Seit wann wurden Granaten gefunden?

Innenministerium gab offensichtlich falsche Antwort

Von unserem Redakteur Franz Albert Heinen

Hallschlag/Kehr - Ganze Granatenstapel fanden die Bürger im Dreieck zwischen Kehr, Hallschlag und Losheim in den vergangenen sieben Jahrzehnten. Die ursprünglich zur Verschrottung auf riesigen Haufen gelagerte Munition war im Mai 1920 bei einer verheerenden Explosion im Espagit-Werk in weitem Umkreis verstreut worden. Auch 73 Jahre nach dem großen Knall finden sich alle Nase lang diese typischen meist unbezünderten Munitionskörper auf Feldern und Wiesen. Bis zur Landesregierung in Mainz scheint sich das allerdings noch nicht herumgesprochen zu haben. Wie sonst wäre die Behauptung des Innenministeriums von Rheinland-Pfalz zu verstehen, daß bei Hallschlag erst ab 1991 Munition aus dem Ersten Weltkrieg" gefunden worden sei.

Das ist jedenfalls der Antwort des Innenministeriums auf eine kleine Anfrage des grünen Abgeordneten Dr. Harald Dörr zu entnehmen.

Die Antwort ist ganz offensichtlich falsch. Die Landwirte, die seit den 30er Jahren den ehemaligen Sicherheitsstreifen rings um das Espagit-Werk beackern, haben immer wieder diese unbezünderten Granaten gefunden.

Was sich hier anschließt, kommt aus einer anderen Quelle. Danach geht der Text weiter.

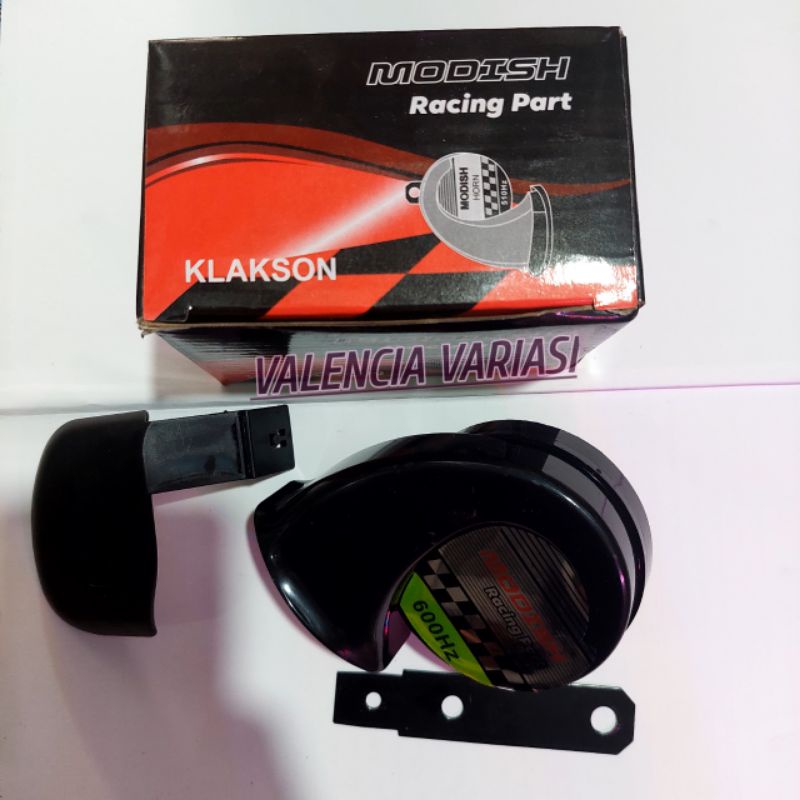 Klakson keong Single klakson keong modish by Cr7 Universal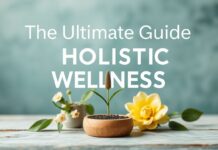The Ultimate Guide to Holistic Wellness: Nurturing Your Body and Mind The Ultimate Guide to Holistic Wellness: Nurturing Your Body and Soul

Mit Sicherheit ist anzunehmen, so MdL Dörr, daß unter diesen vom Sprengkommando eingesammelten Granaten auch früher schon Kampfgasgranaten waren. Immerhin ist derzeit jede dritte bei Kehr gefundene Granate ,,kampfstoffverdächtig", wie die Behörden vorsichtig formulieren. Warum sollte dieses Verhältnis früher anders gewesen sein?

Das aber würde, so Kritiker,, die skandalträchtige Folgerung zulassen, daß die rheinland-pfälzischen Munitionsräumer jahrzehntelang völlig unbedarft mit Kampfstoffmunition hantiert haben, ohne auch nur zu ahnen, in welche Gefahr sie und andere dadurch gerieten: Gemessen am teilweise grotesken Sicherheitsaufwand, der zur Zeit bei der Munitionsräumung auf dem früheren Werksgelände betrieben wird, erscheine der frühere legere Umgang mit der Hallschlager Munition vielen Beobachtern nachgerade unverständlich.

Unwahrheiten"

"Für wie dumm halten Landesbehörden eigentlich die Öffentlichkeit und die Hallschlager Bauern?" fragte sich auch der Grüne Gunther Heerwagen, der mit seinen Recherchen im Jahr 1988 die Behörden wegen der Altlast Kehr auf Trab brachte. Heerwagen: Warum müssen sich die Behörden selbst durch offenbare Unwahrheiten so blamieren und dann widerlegen lassen?"

Daß die Landwirte, wenn sie Granaten gefunden hatten, diese möglicherweise dem Zweiten Weltkrieg zuordneten, will Heerwagen nicht bestreiten. Aber die ,,Experten" vom Sprengkommando hätten doch erkennen müssen, daß es sich in Wahrheit um Munition aus dem Ersten Weltkrieg und möglicherweise um Gasgranaten handelte.

Inzwischen erklärte die Mainzer Landesregierung, daß sie ,,beabsichtigt, auch das Gelände außerhalb der ehemaligen Munitionsfabrik absuchen zu lassen. Wegen der Größe des in Betracht kommenden Gebietes kann dies jedoch nur unter Mithilfe von Privatfirmen geschehen."